** Assignment **
From first line to last, print the records exactly, but leave out the pictures.

Records drawn from a dataset:
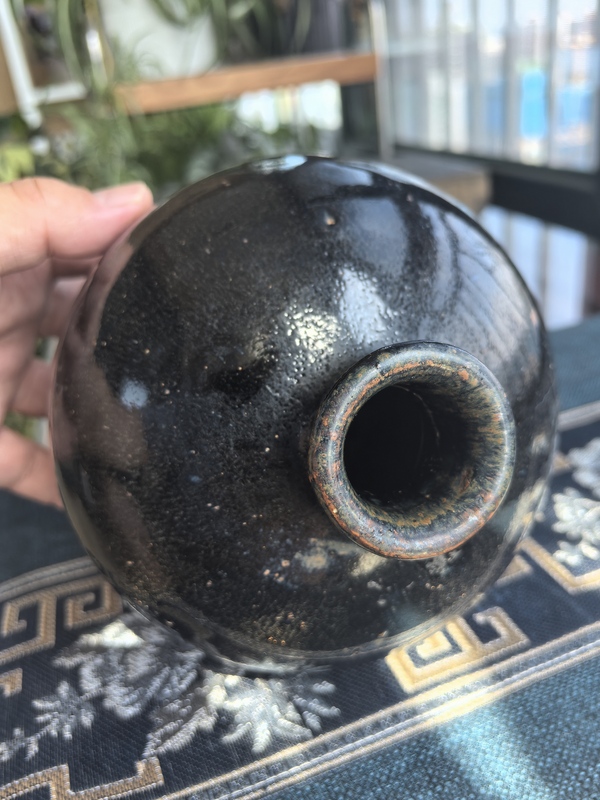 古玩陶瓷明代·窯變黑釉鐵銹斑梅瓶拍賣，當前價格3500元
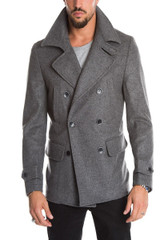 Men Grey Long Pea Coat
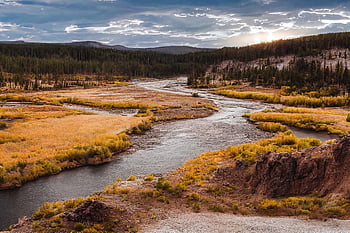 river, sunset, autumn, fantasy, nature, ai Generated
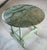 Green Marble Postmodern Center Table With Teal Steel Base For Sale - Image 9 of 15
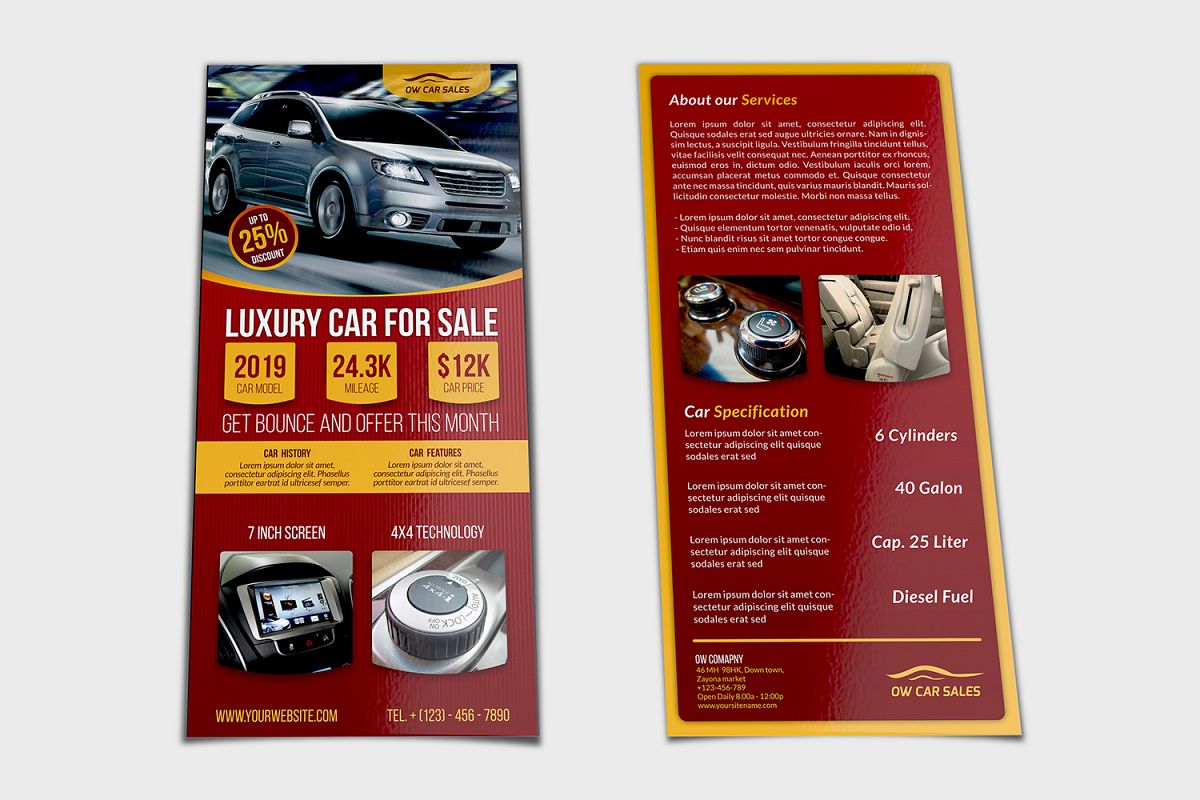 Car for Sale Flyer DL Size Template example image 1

** Solved problem **
 古玩陶瓷明代·窯變黑釉鐵銹斑梅瓶拍賣，當前價格3500元
 Men Grey Long Pea Coat
 river, sunset, autumn, fantasy, nature, ai Generated
 Green Marble Postmodern Center Table With Teal Steel Base For Sale - Image 9 of 15
 Car for Sale Flyer DL Size Template example image 1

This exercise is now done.